Although the GMP regulations currently apply only to companies with more than 20 employees, the rules are set to expand to include smaller manufacturers soon. Steve Meyers, of NaturalProductsInsider.com recently prepared a good summary of FDA inspection observation reports filed within the past year. Here are the higlights:
- Procedures: Inspectors carefully analyze a company’s procedures to ensure that procedures are written, complete, and cover every element of the manufacturing process.
- Implementation of Procedures: Inspectors focus on how effectively each aspect of the company’s written procedures are being implemented.
- Cleanliness: Inspectors focus heavily on cleanliness of the facility, how materials are transported and stored, sanitation procedures, etc.
- Testing: Inspectors focus how effectively the company tests each phase of the manufacturing process, from identifying the quality of the raw materials to verifying the strength of the seal on the packaging.
- Design of Facility: Inspectors even focus on the overall design of the facility, including wither the design ensures proper sanitation, quality control procedures, etc.
Dietary Supplement Manufacturers Encounter "New Drug" Labeling Pitfalls In FDA's Enforcement of Federal Food, Drug, and Cosmetic Act
Manufacturers of dietary supplements should continue to keep a wary eye toward the claims they make in their product labeling, in light of recent government action. Regulatory enforcement actions by the FDA, in association with the United States Attorney’s Office, highlight the risks associated with the manufacture and labeling of dietary supplements.
Recently, government ire was peaked when one dietary supplement manufacturer made broad labeling claims touting its products’ ability to diagnose, mitigate, treat, cure or prevent certain diseases (including diabetes, irritable bowel syndrome, gout, high blood pressure, heartburn and diarrhea).
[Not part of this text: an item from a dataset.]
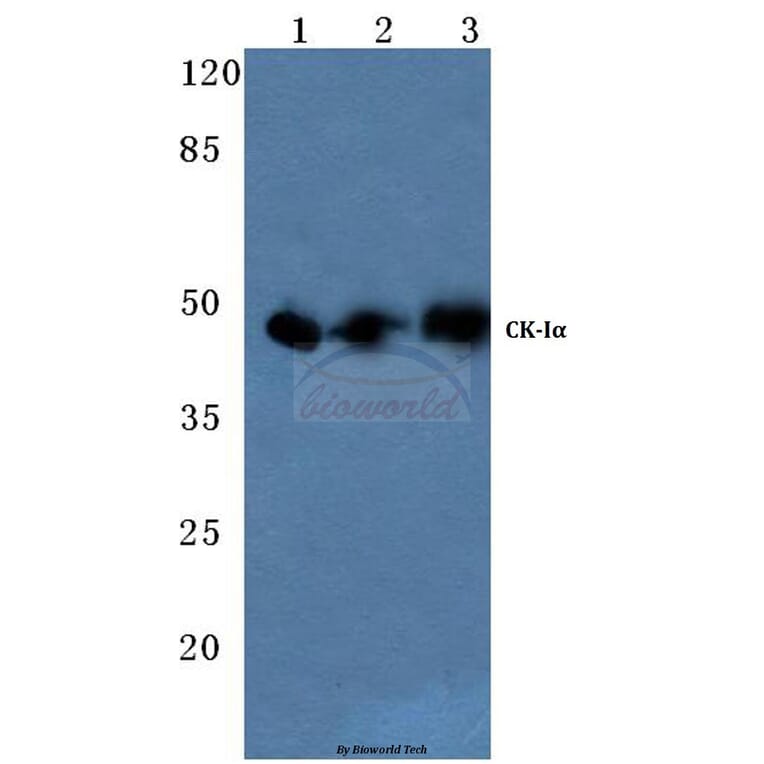 Anti-Casein Kinase Iα (Q317) Antibody from Bioworld Technology (BS1849) - Antibodies.com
According to the government, the maker’s claims made it subject to several FDCA provisions, including Section 343(r)(6), and corresponding requirements under the Code of Federal Regulations. Consequently, the claims reflected in the products’ respective labeling resulted in the “designation” of each as a “new drug,” triggering federal regulatory compliance relating to the maker’s submission, and subsequent government regulatory review, of New Drug Applications (NDAs), Abbreviated New Drug Applications (ANDAs) or Investigational New Drug applications (INDs), for each product.
After each was designated a “new drug”, the following enforcement action was filed by the United States Attorney’s Office: United States v. Thao, et al (.pdf). Further, the “new drug” designation, and the resulting trigger of additional regulatory requirements, left the maker subject to charges stemming from several statutory violations leading to government claims of wire and mail fraud, money laundering and conspiracy.
The stakes associated with inaccurate or overreaching product labeling are high. Effective guidance through the labeling process, with the advice of counsel familiar with requirements under Federal law, is a must.